Benj. Mako Hill, 29/05/2014 18:27:
Without question, the current dumps put together by
WikiTeam are an
awesome resource for folks wanting to do Wikia research.
Thanks. I hope someone will use them. :-)
That said,
they are a strange sample and it's not clear how they are
representative of other Wikia wikis. This makes it hard to use the
sample to confidently answer a question like Piotr's.
Earlier dumps are basically random, but the one we made last winter
should include (save some errors) all the biggest wikis.

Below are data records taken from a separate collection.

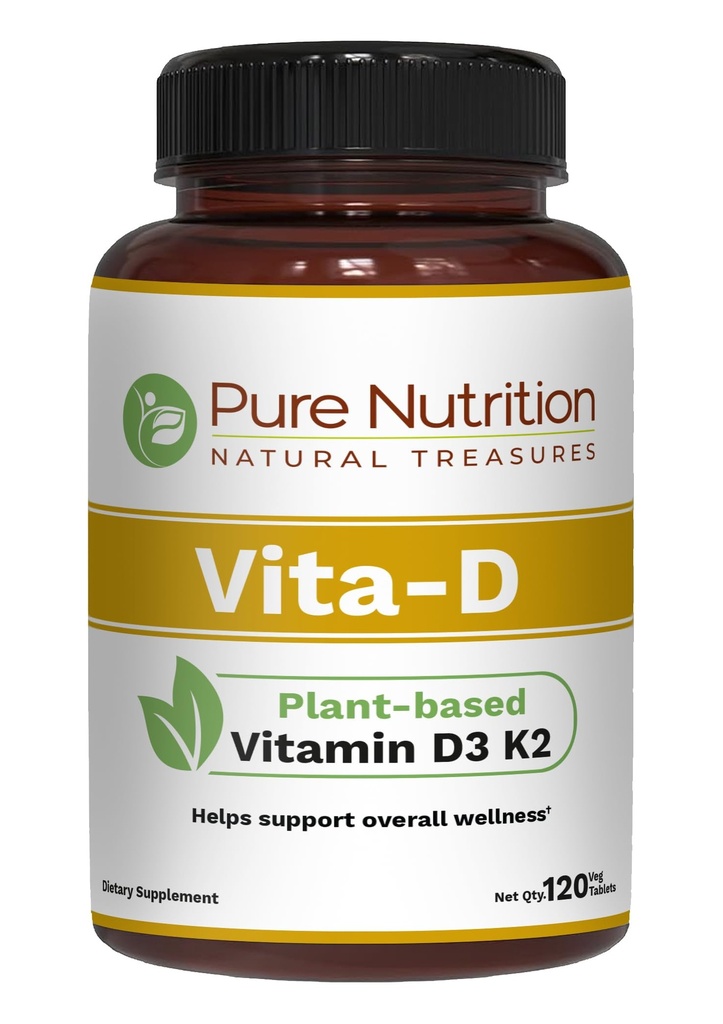 Pure Nutrition Vita D3 K2 - Plant Based Vitamin D3 K2 Supplement- 124; 120 Tabs - 124; D3 6000 IE - 124; vitamin K2 som MK7 100mcg - 124; vitamin K2 D3 - 124; Non GMO - 124;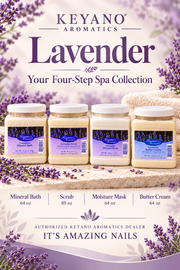 Keyano Lavender Four-Step Spa Set includes Mineral Bath 64 oz, Scrub 80 oz, Moisture Mask 64 oz and Butter Cream 64 oz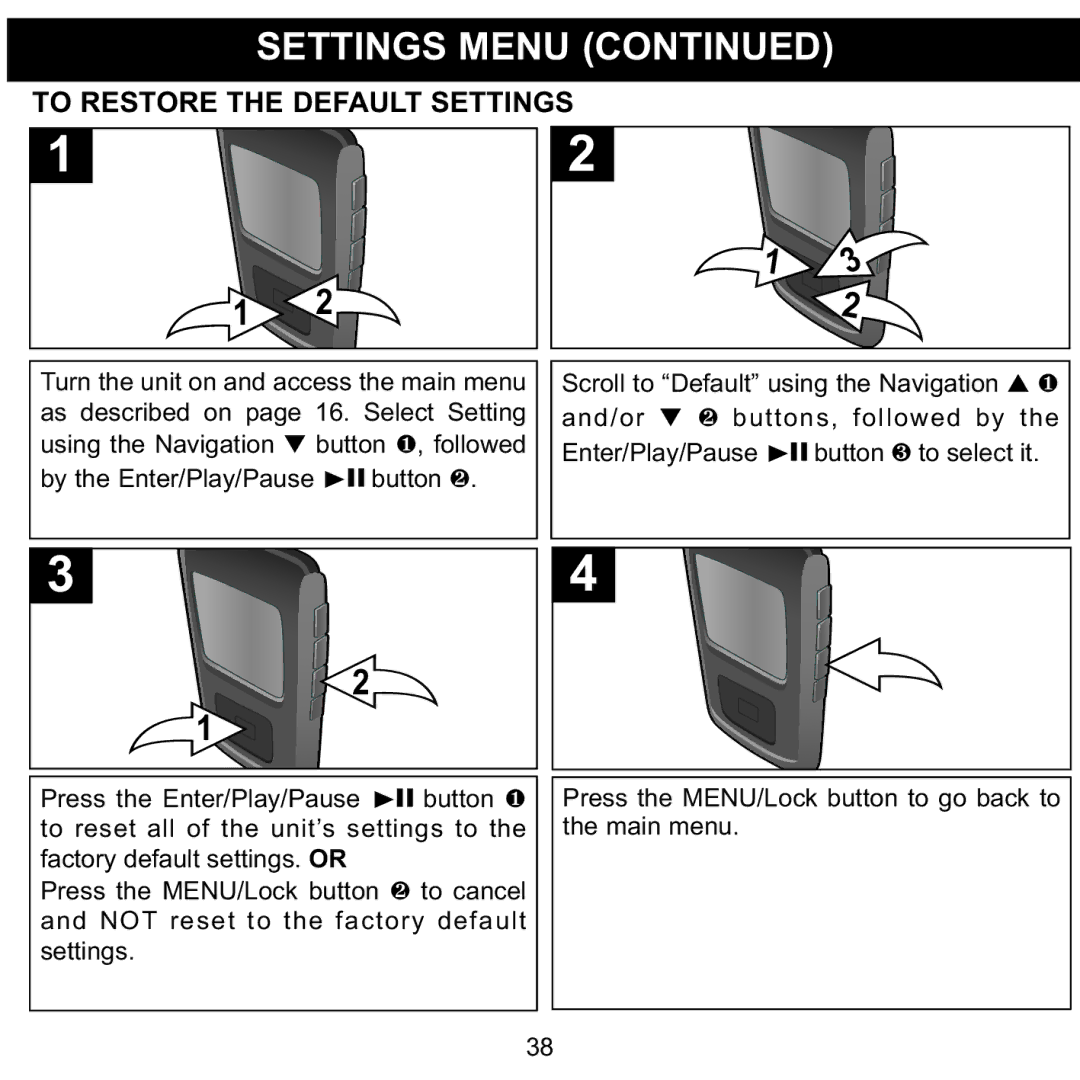 Memorex MMP8568-ACM, MMP8568-HIT, MMP8568-SPT manual TO1RESTORE the Default SETTINGS2 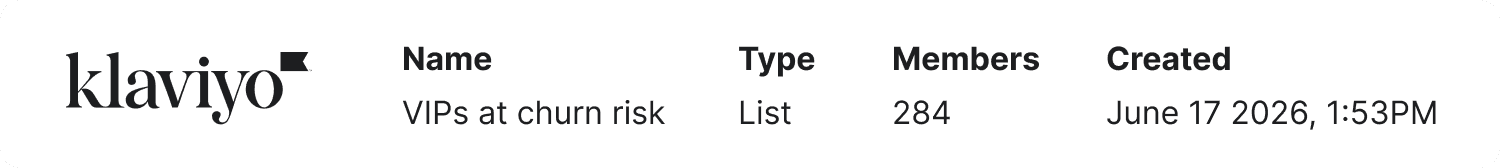 Klaviyo list created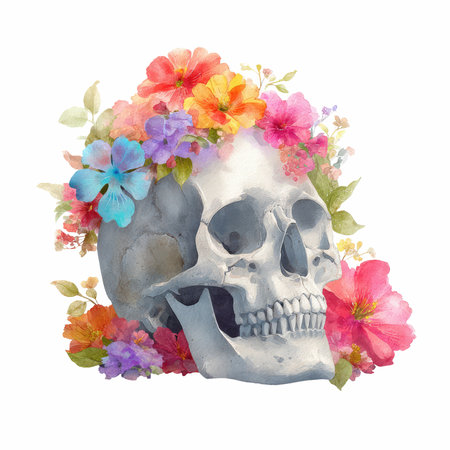This stunning artwork features a skull beautifully adorned with an array of colorful flowers, blending themes of life and death in a vibrant visual display.の写真素材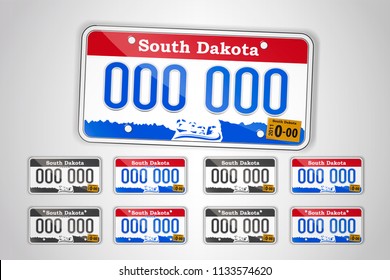 Set North Dakota auto license plate. Detailed object. Flat vector illustration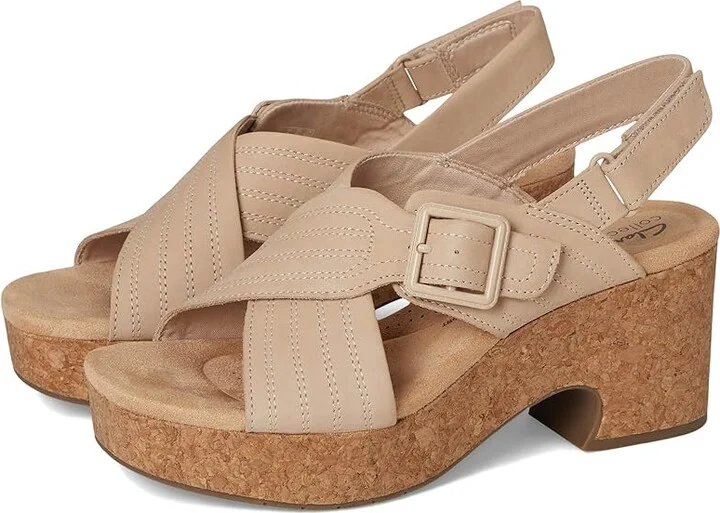 Clarks Nerisa West Women's Sandals Sand Nubuck : 9.5 B - Medium, Leather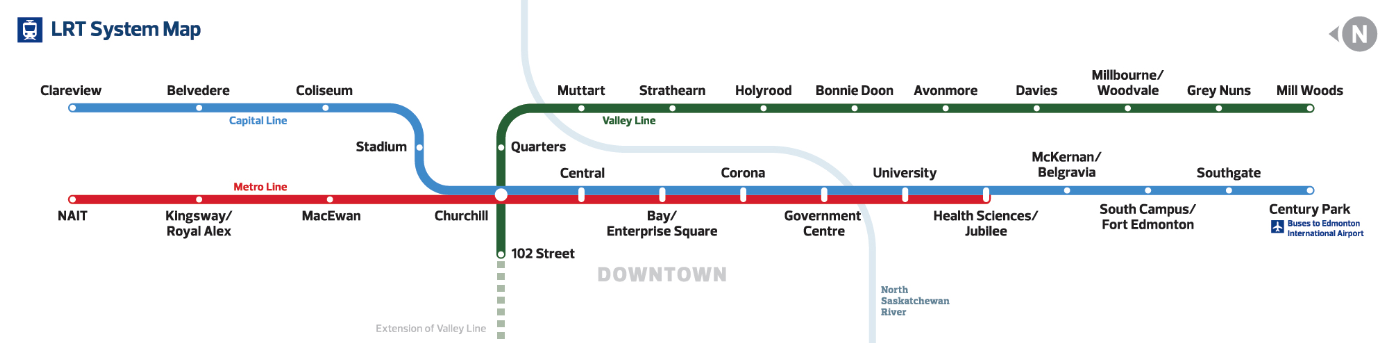 Diagram of light rail system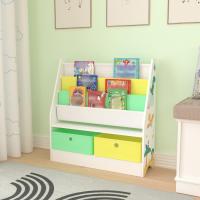 Estantería para Niños con Diseño de Unicornio Organizador de Libros con 3 Estantes y 2 Cajones Plegables 74 x 71 x 23 cm Blanco/Morado/Rosa - details 13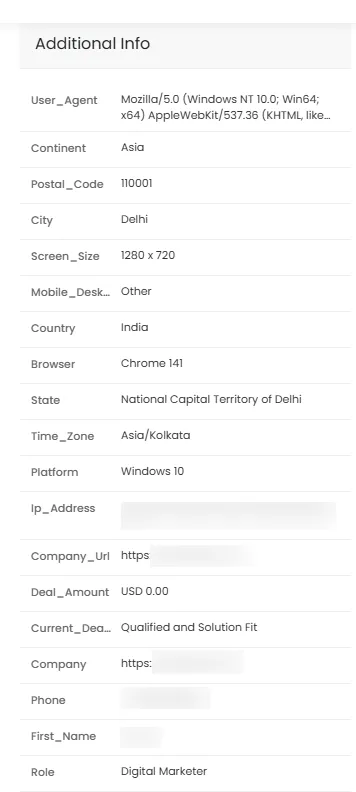 This image shows the Additional info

Basically, logged-in users have to "request" every dump individually
and by hand. Once a dump is requested, it will be created and put in
S3 and then seems to be kept around for at least several months. I've
found some shockingly big and important wikis without dumps and 14k is
a tiny proportion of all wikis! :-(
Wikia has some 400k wikis, but at least 350k of them have only one ns0
page. Some of the "shockingly big" wikis may be excluded from dumps for
copyright reasons (the biggest example is lyricswiki).
If I can help or provide resources to help get a new comprehensive
set of Wikia dumps, let me know.
Other than bugfixes for wikiteam [1] what we'd like to have is an up to
date list of all relevant (or non-empty) Wikia wikis, say 20-30k
biggest. The list I used was given me by an unnamed person a few years
ago and I've always been too lazy to update it. It doesn't take much if
you're not afraid of hitting Wikia APIs a bit. ;-)
https://bugzilla.wikimedia.org/show_bug.cgi?id=59943
Nemo
[1]
https://code.google.com/p/wikiteam/issues/list